However, if all that these ‘yoga teachers’ wanted to do was the ‘keep fit’ stuff, or the ‘feel good’ stuff, or promote some hybrid, do-it-yourself, method that they had somehow clobbered together themselves, then obviously this would not apply…. …. But, if that were the case, why then would they take the trouble to claim that what they were doing ‘came’ from Eugene Halliday’s teachings? … Well, I think the answer to that is also obvious. … There is an impressive body of work that Eugene Halliday has produced which would serve to valorize these ‘teachers’ own claims here …… Any students of these ‘teachers’ (who probably know next to nothing about esoteric subjects anyway) , could then be easily seduced into believing the following – “Eugene Halliday obviously knows an awful lot about esoteric subjects; our ‘yoga teacher’ claims to have ‘sat at Eugene Halliday’s feet’; therefore our ‘yoga teacher’ must also know an awful lot about esoteric subjects.” ………

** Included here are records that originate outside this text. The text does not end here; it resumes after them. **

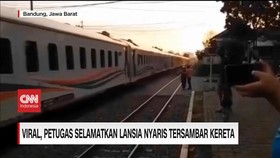 VIDEO: Viral, Petugas Selamatkan Lansia Nyaris Tersambar Kereta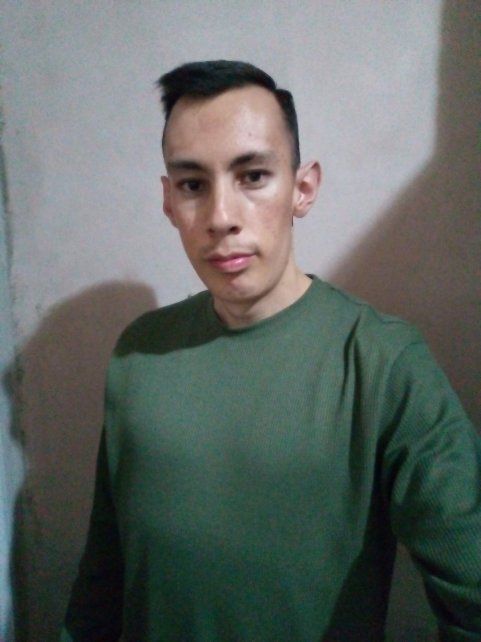 Desde Chajarí, Jonathan Amaya se viralizó por bailar en la calle Desde Chajarí, Jonathan Amaya se viralizó por bailar en la calle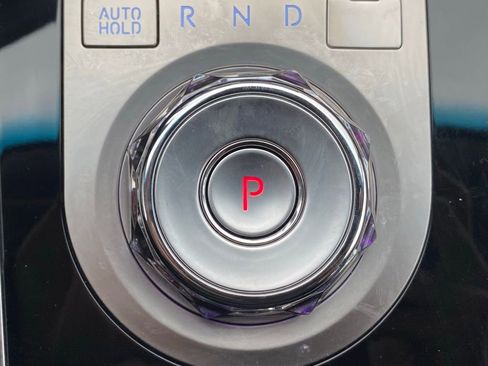 Used 2025 Genesis GV80 2.5T image 19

In addition, I would also fully expect that anyone claiming to be a teacher here (as opposed to say an ‘expert’ – that is, someone who contents themselves with gathering together a potpourri of Eugene Hallidy’s ideas, simply in order to regurgitate them at some later date as ‘information’, in order to show us all how smart they are) would, at the very least, be able to discuss, and describe in detail, personal accounts of the success or failure of their own particular attempts to embody these particular exercises of Eugene Halliday’s.  And finally, that their (future) students would be in no doubt that the ‘Yoga’ that they were being taught had a pronouned Christian bias…..And I believe that all this is blindingly obvious …

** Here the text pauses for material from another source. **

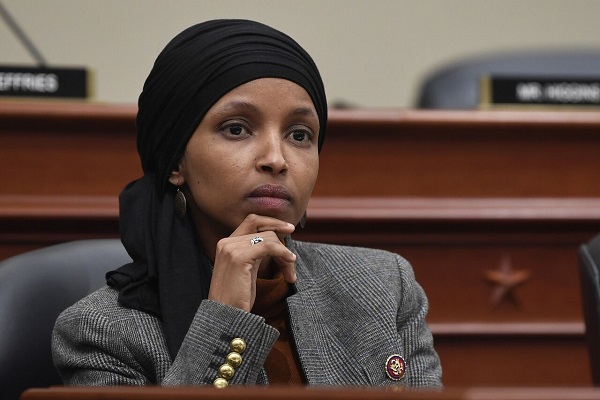 Ilhan Omar, Donald Trump, Irán, coronavirus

You should perhaps also consider here, that inducing internal states by the process of  contemplating various symbols is always a dodgy business – particularly if you have surrendered your autonomy regarding the interpretation of these symbols to someone else. …  Symbols, by their very nature, are not signs, and so do not have any fixed definitions …. Interpreting them by oneself (in my experience at least) can often be exhausting work…. But relying on someone else’s explanation or meaning here, regarding what it is that these symbols represent, can be even more dodgy. … Because the process of believing what you are being told by others here is far more connected to that ‘sniffing out’, which goes to make up a significant component of your intuitive process (your ‘gut feeling’ about that person), than with any rational decision-making process.

… Be that as it may, as far as I was concerned at least, at this stage of the game in late 1970, I was going with my intuition. And  it informed me that attempting to absorb Eugene Halliday’s ideas here was the ‘way to go’. Hence my willingness to accept his interpretation(s) of the symbols contained in these two publications.

But, as a word of warning here, I should also add that anyone who is really like me (that is, who does rely a great deal upon their intuition) quickly learns that what it is that one ‘intuites’ is often polluted by self-will, greed, and downright laziness.

Thus, just because things ‘come to me’, does not mean that they are always ‘Good’ or ‘True’…. It’s not that simple at all …. It’s often the case that I would also be inclined to go along with my ‘intuition’ (by first, perhaps, ‘tweaking it’ a little) if it simply happened to suit me at the time, or because I quite fancied going to where I imagined it was going to take me …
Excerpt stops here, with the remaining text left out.